● YOUR GOAL
The records need to be set down again exactly as they appear.

Entries taken from a collection:
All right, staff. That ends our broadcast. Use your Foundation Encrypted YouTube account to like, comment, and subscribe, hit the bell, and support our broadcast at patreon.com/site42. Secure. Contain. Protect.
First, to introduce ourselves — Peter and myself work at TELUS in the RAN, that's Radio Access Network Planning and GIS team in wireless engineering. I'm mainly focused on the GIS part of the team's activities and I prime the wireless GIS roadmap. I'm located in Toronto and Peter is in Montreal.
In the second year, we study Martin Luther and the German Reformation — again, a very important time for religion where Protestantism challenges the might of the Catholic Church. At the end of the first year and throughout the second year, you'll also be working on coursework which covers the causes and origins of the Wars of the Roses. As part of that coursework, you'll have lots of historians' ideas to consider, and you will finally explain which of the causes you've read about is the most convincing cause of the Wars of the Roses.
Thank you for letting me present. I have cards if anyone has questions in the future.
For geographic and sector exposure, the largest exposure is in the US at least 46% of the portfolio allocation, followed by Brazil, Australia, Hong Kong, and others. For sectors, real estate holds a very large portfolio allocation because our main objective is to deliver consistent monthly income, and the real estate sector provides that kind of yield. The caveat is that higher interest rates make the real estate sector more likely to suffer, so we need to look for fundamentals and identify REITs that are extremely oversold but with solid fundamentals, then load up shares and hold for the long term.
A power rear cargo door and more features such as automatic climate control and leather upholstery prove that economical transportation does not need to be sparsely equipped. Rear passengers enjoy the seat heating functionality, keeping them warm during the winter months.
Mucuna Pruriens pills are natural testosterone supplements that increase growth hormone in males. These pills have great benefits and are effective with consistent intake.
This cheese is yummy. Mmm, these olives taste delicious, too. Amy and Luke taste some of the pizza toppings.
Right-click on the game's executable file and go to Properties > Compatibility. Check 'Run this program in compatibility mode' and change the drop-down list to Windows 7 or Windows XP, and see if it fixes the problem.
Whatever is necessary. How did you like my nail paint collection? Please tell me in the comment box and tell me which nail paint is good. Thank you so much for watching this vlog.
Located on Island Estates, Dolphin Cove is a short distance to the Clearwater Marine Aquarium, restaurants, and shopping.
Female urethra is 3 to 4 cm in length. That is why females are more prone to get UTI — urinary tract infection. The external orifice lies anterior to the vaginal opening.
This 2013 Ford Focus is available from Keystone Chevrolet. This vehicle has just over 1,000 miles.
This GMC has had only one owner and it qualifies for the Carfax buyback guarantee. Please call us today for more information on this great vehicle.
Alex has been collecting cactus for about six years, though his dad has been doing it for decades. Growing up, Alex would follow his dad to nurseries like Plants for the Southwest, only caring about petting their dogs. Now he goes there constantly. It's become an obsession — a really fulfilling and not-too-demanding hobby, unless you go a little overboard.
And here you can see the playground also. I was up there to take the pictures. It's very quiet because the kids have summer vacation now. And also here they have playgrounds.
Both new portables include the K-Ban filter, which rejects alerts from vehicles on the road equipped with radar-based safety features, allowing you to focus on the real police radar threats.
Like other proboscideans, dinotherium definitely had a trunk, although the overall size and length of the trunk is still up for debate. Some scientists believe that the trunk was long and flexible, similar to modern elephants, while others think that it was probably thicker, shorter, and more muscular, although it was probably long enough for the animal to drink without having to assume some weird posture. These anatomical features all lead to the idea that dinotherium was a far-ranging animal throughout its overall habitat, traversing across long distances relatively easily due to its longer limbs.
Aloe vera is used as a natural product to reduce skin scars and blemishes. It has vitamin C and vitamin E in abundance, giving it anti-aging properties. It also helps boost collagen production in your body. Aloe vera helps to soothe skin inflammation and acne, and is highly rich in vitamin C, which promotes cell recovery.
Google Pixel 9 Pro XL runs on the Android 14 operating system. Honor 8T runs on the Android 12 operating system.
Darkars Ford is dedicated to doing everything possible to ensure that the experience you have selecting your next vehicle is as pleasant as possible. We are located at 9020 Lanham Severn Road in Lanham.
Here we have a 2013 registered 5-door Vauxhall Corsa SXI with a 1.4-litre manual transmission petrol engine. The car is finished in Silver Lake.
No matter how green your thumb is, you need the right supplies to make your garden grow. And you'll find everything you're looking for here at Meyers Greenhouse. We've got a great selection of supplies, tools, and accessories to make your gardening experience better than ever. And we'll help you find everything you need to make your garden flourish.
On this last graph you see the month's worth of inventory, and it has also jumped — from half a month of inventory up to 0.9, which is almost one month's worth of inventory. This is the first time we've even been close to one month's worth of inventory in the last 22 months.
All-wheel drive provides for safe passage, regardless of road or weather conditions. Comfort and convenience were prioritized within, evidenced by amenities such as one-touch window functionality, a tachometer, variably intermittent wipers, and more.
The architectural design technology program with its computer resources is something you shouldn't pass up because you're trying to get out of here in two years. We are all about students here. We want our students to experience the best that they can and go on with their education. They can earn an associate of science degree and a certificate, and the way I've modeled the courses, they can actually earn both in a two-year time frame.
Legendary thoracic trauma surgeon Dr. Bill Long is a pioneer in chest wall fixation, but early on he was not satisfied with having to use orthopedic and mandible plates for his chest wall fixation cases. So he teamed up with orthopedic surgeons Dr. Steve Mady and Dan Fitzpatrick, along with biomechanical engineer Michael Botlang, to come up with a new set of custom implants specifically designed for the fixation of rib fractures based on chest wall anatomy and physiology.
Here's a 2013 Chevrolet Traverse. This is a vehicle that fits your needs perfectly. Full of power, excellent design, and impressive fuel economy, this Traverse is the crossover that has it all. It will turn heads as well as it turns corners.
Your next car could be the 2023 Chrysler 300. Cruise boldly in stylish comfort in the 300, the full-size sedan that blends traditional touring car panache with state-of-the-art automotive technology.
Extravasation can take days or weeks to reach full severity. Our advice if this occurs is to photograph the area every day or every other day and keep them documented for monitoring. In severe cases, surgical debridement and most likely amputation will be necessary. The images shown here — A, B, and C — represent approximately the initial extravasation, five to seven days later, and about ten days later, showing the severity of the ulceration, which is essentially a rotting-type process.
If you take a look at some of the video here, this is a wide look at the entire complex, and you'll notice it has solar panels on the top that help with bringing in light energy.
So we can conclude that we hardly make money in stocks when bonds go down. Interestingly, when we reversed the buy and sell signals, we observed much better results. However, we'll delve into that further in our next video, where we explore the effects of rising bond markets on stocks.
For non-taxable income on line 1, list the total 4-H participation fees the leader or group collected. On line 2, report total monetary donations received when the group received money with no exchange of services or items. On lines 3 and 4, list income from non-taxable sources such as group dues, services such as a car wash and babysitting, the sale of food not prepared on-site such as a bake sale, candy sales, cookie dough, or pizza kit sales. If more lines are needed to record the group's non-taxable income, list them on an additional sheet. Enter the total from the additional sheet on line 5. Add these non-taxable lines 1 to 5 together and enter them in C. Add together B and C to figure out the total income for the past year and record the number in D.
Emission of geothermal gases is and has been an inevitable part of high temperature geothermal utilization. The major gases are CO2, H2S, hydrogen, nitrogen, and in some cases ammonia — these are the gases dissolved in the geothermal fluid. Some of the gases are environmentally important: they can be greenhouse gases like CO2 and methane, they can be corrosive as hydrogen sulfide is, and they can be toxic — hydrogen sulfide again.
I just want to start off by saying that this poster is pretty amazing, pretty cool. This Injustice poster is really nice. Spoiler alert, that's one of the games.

● PROBLEM SOLUTION
All right, staff. That ends our broadcast. Use your Foundation Encrypted YouTube account to like, comment, and subscribe, hit the bell, and support our broadcast at patreon.com/site42. Secure. Contain. Protect.
First, to introduce ourselves — Peter and myself work at TELUS in the RAN, that's Radio Access Network Planning and GIS team in wireless engineering. I'm mainly focused on the GIS part of the team's activities and I prime the wireless GIS roadmap. I'm located in Toronto and Peter is in Montreal.
In the second year, we study Martin Luther and the German Reformation — again, a very important time for religion where Protestantism challenges the might of the Catholic Church. At the end of the first year and throughout the second year, you'll also be working on coursework which covers the causes and origins of the Wars of the Roses. As part of that coursework, you'll have lots of historians' ideas to consider, and you will finally explain which of the causes you've read about is the most convincing cause of the Wars of the Roses.
Thank you for letting me present. I have cards if anyone has questions in the future.
For geographic and sector exposure, the largest exposure is in the US at least 46% of the portfolio allocation, followed by Brazil, Australia, Hong Kong, and others. For sectors, real estate holds a very large portfolio allocation because our main objective is to deliver consistent monthly income, and the real estate sector provides that kind of yield. The caveat is that higher interest rates make the real estate sector more likely to suffer, so we need to look for fundamentals and identify REITs that are extremely oversold but with solid fundamentals, then load up shares and hold for the long term.
A power rear cargo door and more features such as automatic climate control and leather upholstery prove that economical transportation does not need to be sparsely equipped. Rear passengers enjoy the seat heating functionality, keeping them warm during the winter months.
Mucuna Pruriens pills are natural testosterone supplements that increase growth hormone in males. These pills have great benefits and are effective with consistent intake.
This cheese is yummy. Mmm, these olives taste delicious, too. Amy and Luke taste some of the pizza toppings.
Right-click on the game's executable file and go to Properties > Compatibility. Check 'Run this program in compatibility mode' and change the drop-down list to Windows 7 or Windows XP, and see if it fixes the problem.
Whatever is necessary. How did you like my nail paint collection? Please tell me in the comment box and tell me which nail paint is good. Thank you so much for watching this vlog.
Located on Island Estates, Dolphin Cove is a short distance to the Clearwater Marine Aquarium, restaurants, and shopping.
Female urethra is 3 to 4 cm in length. That is why females are more prone to get UTI — urinary tract infection. The external orifice lies anterior to the vaginal opening.
This 2013 Ford Focus is available from Keystone Chevrolet. This vehicle has just over 1,000 miles.
This GMC has had only one owner and it qualifies for the Carfax buyback guarantee. Please call us today for more information on this great vehicle.
Alex has been collecting cactus for about six years, though his dad has been doing it for decades. Growing up, Alex would follow his dad to nurseries like Plants for the Southwest, only caring about petting their dogs. Now he goes there constantly. It's become an obsession — a really fulfilling and not-too-demanding hobby, unless you go a little overboard.
And here you can see the playground also. I was up there to take the pictures. It's very quiet because the kids have summer vacation now. And also here they have playgrounds.
Both new portables include the K-Ban filter, which rejects alerts from vehicles on the road equipped with radar-based safety features, allowing you to focus on the real police radar threats.
Like other proboscideans, dinotherium definitely had a trunk, although the overall size and length of the trunk is still up for debate. Some scientists believe that the trunk was long and flexible, similar to modern elephants, while others think that it was probably thicker, shorter, and more muscular, although it was probably long enough for the animal to drink without having to assume some weird posture. These anatomical features all lead to the idea that dinotherium was a far-ranging animal throughout its overall habitat, traversing across long distances relatively easily due to its longer limbs.
Aloe vera is used as a natural product to reduce skin scars and blemishes. It has vitamin C and vitamin E in abundance, giving it anti-aging properties. It also helps boost collagen production in your body. Aloe vera helps to soothe skin inflammation and acne, and is highly rich in vitamin C, which promotes cell recovery.
Google Pixel 9 Pro XL runs on the Android 14 operating system. Honor 8T runs on the Android 12 operating system.
Darkars Ford is dedicated to doing everything possible to ensure that the experience you have selecting your next vehicle is as pleasant as possible. We are located at 9020 Lanham Severn Road in Lanham.
Here we have a 2013 registered 5-door Vauxhall Corsa SXI with a 1.4-litre manual transmission petrol engine. The car is finished in Silver Lake.
No matter how green your thumb is, you need the right supplies to make your garden grow. And you'll find everything you're looking for here at Meyers Greenhouse. We've got a great selection of supplies, tools, and accessories to make your gardening experience better than ever. And we'll help you find everything you need to make your garden flourish.
On this last graph you see the month's worth of inventory, and it has also jumped — from half a month of inventory up to 0.9, which is almost one month's worth of inventory. This is the first time we've even been close to one month's worth of inventory in the last 22 months.
All-wheel drive provides for safe passage, regardless of road or weather conditions. Comfort and convenience were prioritized within, evidenced by amenities such as one-touch window functionality, a tachometer, variably intermittent wipers, and more.
The architectural design technology program with its computer resources is something you shouldn't pass up because you're trying to get out of here in two years. We are all about students here. We want our students to experience the best that they can and go on with their education. They can earn an associate of science degree and a certificate, and the way I've modeled the courses, they can actually earn both in a two-year time frame.
Legendary thoracic trauma surgeon Dr. Bill Long is a pioneer in chest wall fixation, but early on he was not satisfied with having to use orthopedic and mandible plates for his chest wall fixation cases. So he teamed up with orthopedic surgeons Dr. Steve Mady and Dan Fitzpatrick, along with biomechanical engineer Michael Botlang, to come up with a new set of custom implants specifically designed for the fixation of rib fractures based on chest wall anatomy and physiology.
Here's a 2013 Chevrolet Traverse. This is a vehicle that fits your needs perfectly. Full of power, excellent design, and impressive fuel economy, this Traverse is the crossover that has it all. It will turn heads as well as it turns corners.
Your next car could be the 2023 Chrysler 300. Cruise boldly in stylish comfort in the 300, the full-size sedan that blends traditional touring car panache with state-of-the-art automotive technology.
Extravasation can take days or weeks to reach full severity. Our advice if this occurs is to photograph the area every day or every other day and keep them documented for monitoring. In severe cases, surgical debridement and most likely amputation will be necessary. The images shown here — A, B, and C — represent approximately the initial extravasation, five to seven days later, and about ten days later, showing the severity of the ulceration, which is essentially a rotting-type process.
If you take a look at some of the video here, this is a wide look at the entire complex, and you'll notice it has solar panels on the top that help with bringing in light energy.
So we can conclude that we hardly make money in stocks when bonds go down. Interestingly, when we reversed the buy and sell signals, we observed much better results. However, we'll delve into that further in our next video, where we explore the effects of rising bond markets on stocks.
For non-taxable income on line 1, list the total 4-H participation fees the leader or group collected. On line 2, report total monetary donations received when the group received money with no exchange of services or items. On lines 3 and 4, list income from non-taxable sources such as group dues, services such as a car wash and babysitting, the sale of food not prepared on-site such as a bake sale, candy sales, cookie dough, or pizza kit sales. If more lines are needed to record the group's non-taxable income, list them on an additional sheet. Enter the total from the additional sheet on line 5. Add these non-taxable lines 1 to 5 together and enter them in C. Add together B and C to figure out the total income for the past year and record the number in D.
Emission of geothermal gases is and has been an inevitable part of high temperature geothermal utilization. The major gases are CO2, H2S, hydrogen, nitrogen, and in some cases ammonia — these are the gases dissolved in the geothermal fluid. Some of the gases are environmentally important: they can be greenhouse gases like CO2 and methane, they can be corrosive as hydrogen sulfide is, and they can be toxic — hydrogen sulfide again.
I just want to start off by saying that this poster is pretty amazing, pretty cool. This Injustice poster is really nice. Spoiler alert, that's one of the games.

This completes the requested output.